Thats a really nice Rhom ..


----------



## Steve7 (Jun 20, 2005)

holy man VERY nice eyes u got a great deal!


----------



## TIMZ8878 (Jun 1, 2005)

WOW THATS A MONSTER


----------



## Red Eyes (Nov 25, 2003)

Congrats on the awesome rhom







Thats a great deal you got


----------



## dynasty691 (Jun 15, 2005)

good buy and beutiful fish


----------



## Gordeez (Sep 21, 2003)

Damn good Pick up!


----------



## fliptasciouz (Jul 4, 2004)

great deal and man venezuelan rhoms are the scariest of all... that is why i want one


----------



## redbellyjx © (Jan 26, 2004)

waaaaait a minute....that rhom looks familiar..... where did you pick him up? in salem NH there was a 10 -11 in rhom for like 190. that isnt him by any chanc e is it?


----------



## NIKE (Jan 27, 2003)

yes, he is badass







congrats.


----------



## marco (Jan 2, 2003)

wholy sheet... it is a vinny rhom too :|

WOW!


----------



## jan (Apr 24, 2004)

Great pick up









That rhom looks awesome.......


----------



## GoJamieGo (Mar 18, 2005)

Man you got a smokin' deal for $160.... Awesome rhom and great pickup.


----------



## Whall Banner (Nov 25, 2004)

Red Eyes said:


> Congrats on the awesome rhom
> 
> 
> 
> ...


Sorry man, I've probably got this all wrong, but, looking at your 90g Rhom tank - you've put down a pleco?
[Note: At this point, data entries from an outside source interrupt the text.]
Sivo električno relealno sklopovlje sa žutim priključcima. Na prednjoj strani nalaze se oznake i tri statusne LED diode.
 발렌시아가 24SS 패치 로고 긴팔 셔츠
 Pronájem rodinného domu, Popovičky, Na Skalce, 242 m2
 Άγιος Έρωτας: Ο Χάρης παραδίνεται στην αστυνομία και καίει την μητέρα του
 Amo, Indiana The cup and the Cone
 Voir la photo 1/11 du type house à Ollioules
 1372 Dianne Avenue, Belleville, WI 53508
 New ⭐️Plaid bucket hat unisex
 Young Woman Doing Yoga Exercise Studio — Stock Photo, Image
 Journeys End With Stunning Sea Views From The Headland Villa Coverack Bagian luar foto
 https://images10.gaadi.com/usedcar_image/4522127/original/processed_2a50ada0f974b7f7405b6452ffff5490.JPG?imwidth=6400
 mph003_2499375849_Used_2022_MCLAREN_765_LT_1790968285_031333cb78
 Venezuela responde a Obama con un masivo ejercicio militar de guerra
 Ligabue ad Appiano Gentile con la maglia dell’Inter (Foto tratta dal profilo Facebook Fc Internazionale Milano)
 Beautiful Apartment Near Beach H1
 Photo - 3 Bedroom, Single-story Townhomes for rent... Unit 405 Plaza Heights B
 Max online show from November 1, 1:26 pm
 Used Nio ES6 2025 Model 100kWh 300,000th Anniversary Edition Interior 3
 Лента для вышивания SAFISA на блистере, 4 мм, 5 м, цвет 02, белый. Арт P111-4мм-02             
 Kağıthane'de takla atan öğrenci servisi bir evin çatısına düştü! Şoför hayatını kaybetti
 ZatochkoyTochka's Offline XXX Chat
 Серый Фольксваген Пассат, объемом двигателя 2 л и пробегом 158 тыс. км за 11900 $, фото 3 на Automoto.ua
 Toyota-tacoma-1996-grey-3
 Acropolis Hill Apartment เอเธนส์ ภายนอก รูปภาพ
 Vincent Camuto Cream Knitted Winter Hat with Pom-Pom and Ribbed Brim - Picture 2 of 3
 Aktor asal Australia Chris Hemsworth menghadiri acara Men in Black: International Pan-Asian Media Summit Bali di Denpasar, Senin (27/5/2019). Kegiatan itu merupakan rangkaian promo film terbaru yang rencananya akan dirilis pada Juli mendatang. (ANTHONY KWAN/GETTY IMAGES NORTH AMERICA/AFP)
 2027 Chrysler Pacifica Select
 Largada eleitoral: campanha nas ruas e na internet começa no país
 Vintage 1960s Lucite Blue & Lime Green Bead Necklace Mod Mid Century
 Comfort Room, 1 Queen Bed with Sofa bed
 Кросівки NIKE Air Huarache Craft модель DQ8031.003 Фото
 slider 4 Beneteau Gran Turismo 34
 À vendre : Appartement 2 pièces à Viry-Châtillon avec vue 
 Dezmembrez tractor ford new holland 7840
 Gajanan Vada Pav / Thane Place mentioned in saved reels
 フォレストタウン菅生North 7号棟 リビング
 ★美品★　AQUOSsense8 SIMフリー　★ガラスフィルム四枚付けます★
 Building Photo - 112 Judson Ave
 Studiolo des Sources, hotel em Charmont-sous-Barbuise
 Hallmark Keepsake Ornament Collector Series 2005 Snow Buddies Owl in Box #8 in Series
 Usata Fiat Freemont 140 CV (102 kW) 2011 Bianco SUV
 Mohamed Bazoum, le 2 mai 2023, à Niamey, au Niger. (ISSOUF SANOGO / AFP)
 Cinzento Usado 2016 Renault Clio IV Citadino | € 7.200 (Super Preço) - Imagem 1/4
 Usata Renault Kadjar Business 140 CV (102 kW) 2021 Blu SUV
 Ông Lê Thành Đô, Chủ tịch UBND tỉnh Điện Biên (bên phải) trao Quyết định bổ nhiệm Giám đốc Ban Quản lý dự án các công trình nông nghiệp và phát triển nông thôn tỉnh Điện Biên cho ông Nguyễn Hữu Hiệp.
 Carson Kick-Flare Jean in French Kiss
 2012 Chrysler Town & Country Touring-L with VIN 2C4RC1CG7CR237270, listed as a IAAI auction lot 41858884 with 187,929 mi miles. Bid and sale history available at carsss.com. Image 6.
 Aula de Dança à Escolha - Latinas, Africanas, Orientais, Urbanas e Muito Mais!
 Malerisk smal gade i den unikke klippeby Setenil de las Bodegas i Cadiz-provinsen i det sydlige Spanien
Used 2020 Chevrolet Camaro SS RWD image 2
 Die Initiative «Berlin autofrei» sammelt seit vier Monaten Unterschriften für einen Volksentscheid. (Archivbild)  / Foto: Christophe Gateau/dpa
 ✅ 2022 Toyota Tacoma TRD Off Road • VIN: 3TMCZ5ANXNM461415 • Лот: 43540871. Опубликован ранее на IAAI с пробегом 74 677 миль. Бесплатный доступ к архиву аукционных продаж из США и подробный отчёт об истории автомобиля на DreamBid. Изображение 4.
This isn't in the same tank as the Rhom? Or is it?


----------



## jaejae (Apr 16, 2005)

OMG!!! what a sweet deal!!! I am green with envy!!!
That rhom is wicked sweet!!! Congrats


----------



## WorldBelow07 (Dec 16, 2004)

very nice ass rhom. great pickup


----------



## b_ack51 (Feb 11, 2003)

Nice pick up.

Make sure to give him a proper sized home.


----------



## sadboy (Jan 6, 2005)

redbellyjx said:


> waaaaait a minute....that rhom looks familiar..... where did you pick him up? in salem NH there was a 10 -11 in rhom for like 190. that isnt him by any chanc e is it?
> [snapback]1079759[/snapback]​


Bro he got it from Alaska








I cant believe your brought it down to $160 from $550
Like I said, money talks & bullshit walks.


----------



## l2ob (May 22, 2004)

nice pickup


----------



## Kain (Mar 13, 2003)

congrats man. You got yourself one hell of a deal


----------



## Brandtii (May 16, 2003)

Beautiful fish at a steal of a price.


----------



## r1dermon (Mar 9, 2005)

the one in salem is still there, i was there today, its 199.99. solid 10" very healthy. i actually heard that someone traded 8 reds 4-6" in for it, but apparently that was false..


----------